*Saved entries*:
□ □ □ □ □

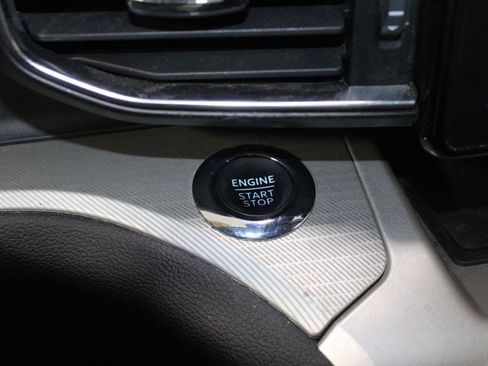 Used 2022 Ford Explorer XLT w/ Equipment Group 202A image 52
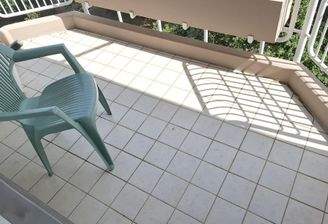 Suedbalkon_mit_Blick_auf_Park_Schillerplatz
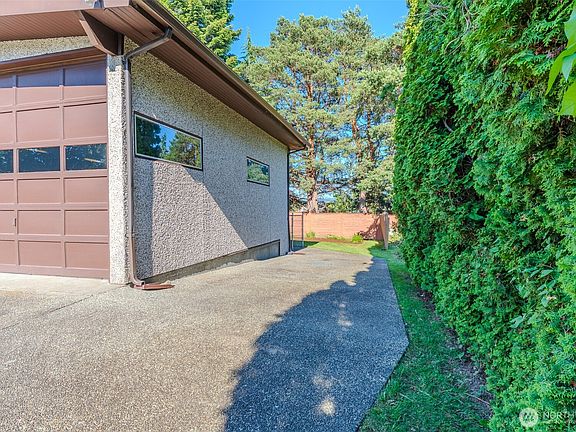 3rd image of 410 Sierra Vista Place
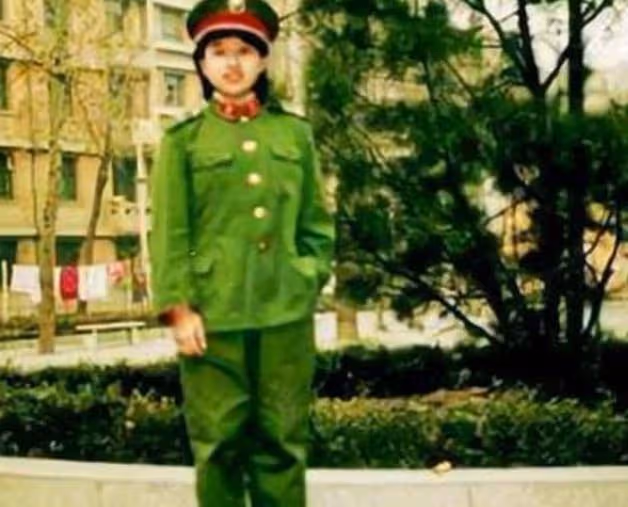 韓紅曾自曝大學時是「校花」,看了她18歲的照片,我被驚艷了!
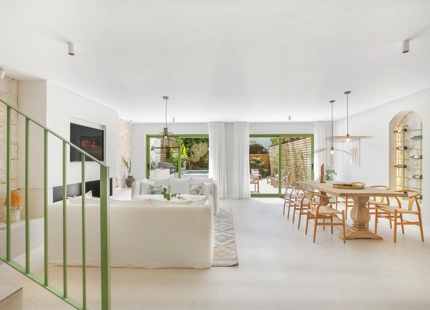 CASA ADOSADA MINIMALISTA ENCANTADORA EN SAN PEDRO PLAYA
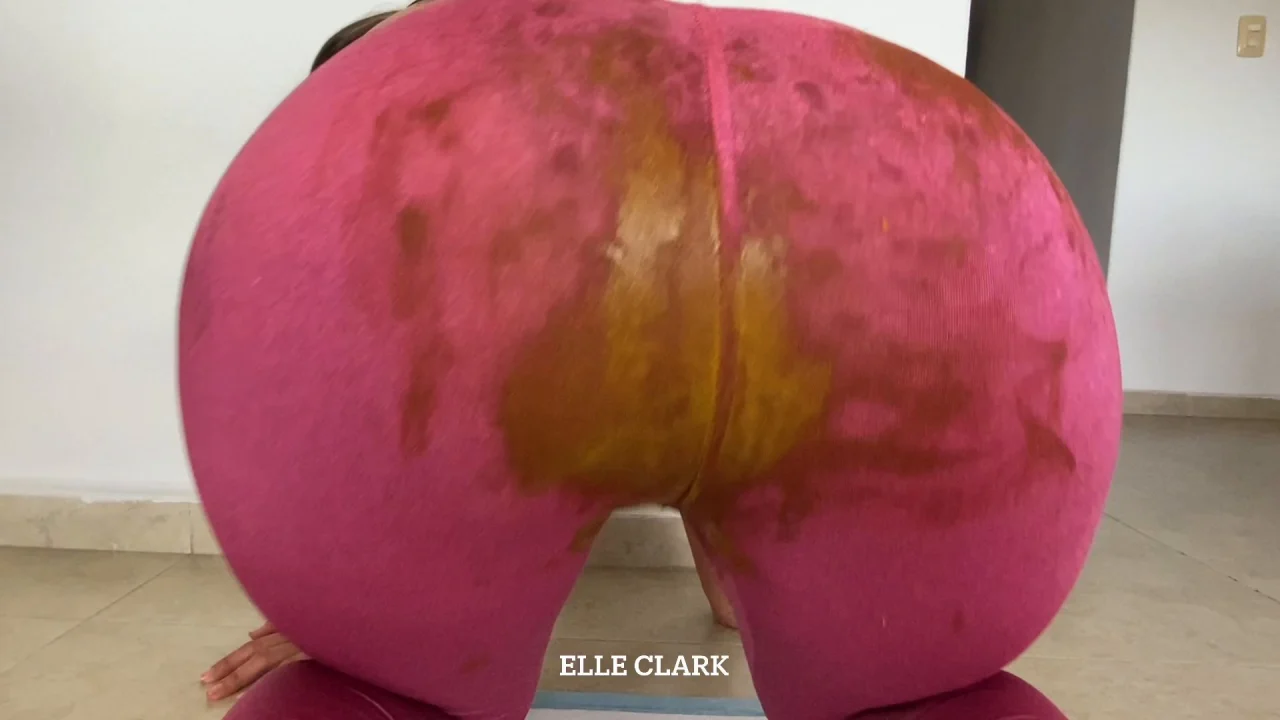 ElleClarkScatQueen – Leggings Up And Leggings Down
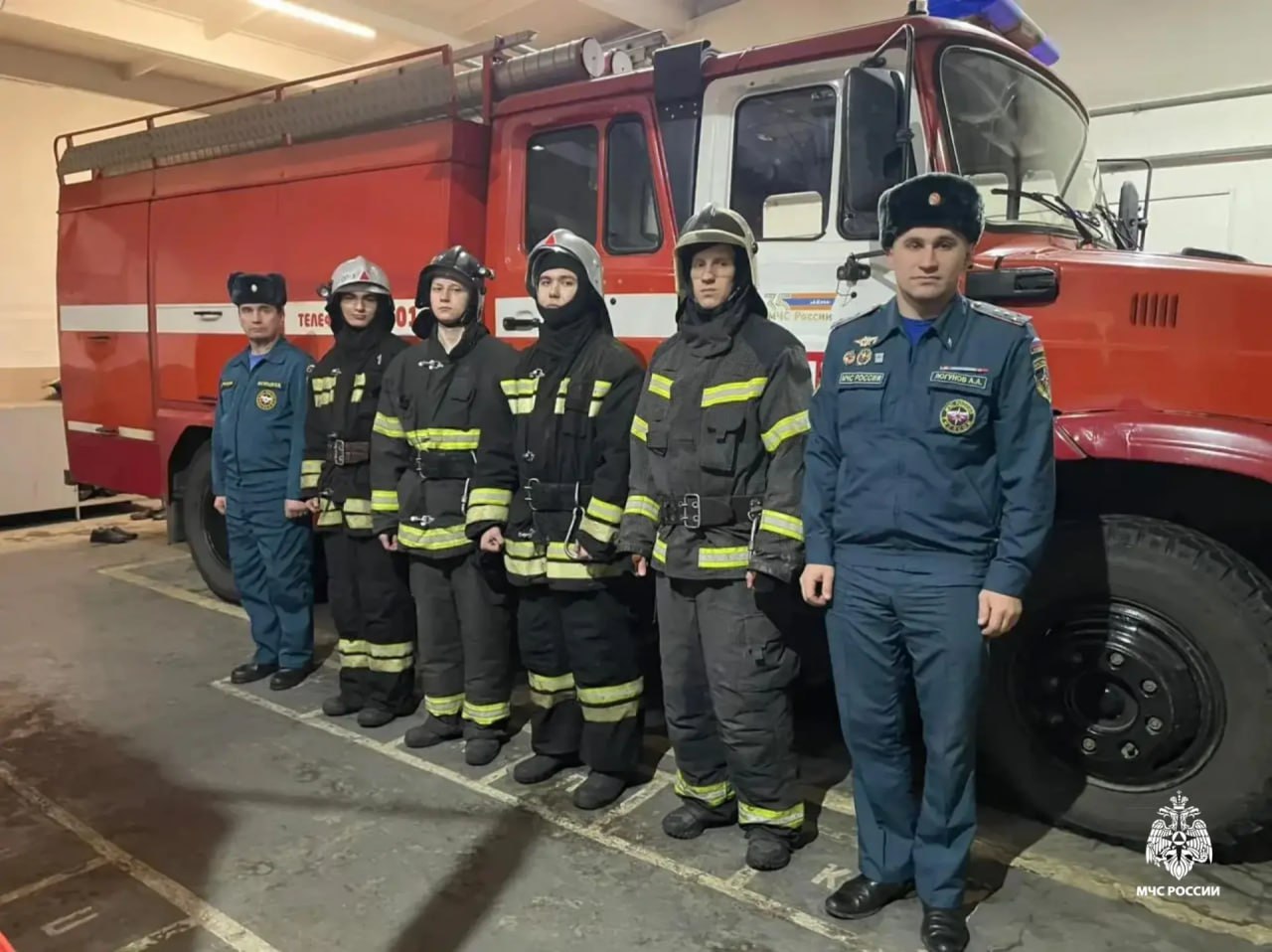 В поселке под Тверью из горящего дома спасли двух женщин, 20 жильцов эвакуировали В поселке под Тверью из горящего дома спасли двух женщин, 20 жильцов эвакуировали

□ □ □ □ □

*TASK PROMPT*: Before handing back the copy, remove the pictures; otherwise print the data exactly.

*PROBLEM SOLUTION*:
 Used 2022 Ford Explorer XLT w/ Equipment Group 202A image 52
 Suedbalkon_mit_Blick_auf_Park_Schillerplatz
 3rd image of 410 Sierra Vista Place
 韓紅曾自曝大學時是「校花」,看了她18歲的照片,我被驚艷了!
 CASA ADOSADA MINIMALISTA ENCANTADORA EN SAN PEDRO PLAYA
 ElleClarkScatQueen – Leggings Up And Leggings Down
 В поселке под Тверью из горящего дома спасли двух женщин, 20 жильцов эвакуировали В поселке под Тверью из горящего дома спасли двух женщин, 20 жильцов эвакуировали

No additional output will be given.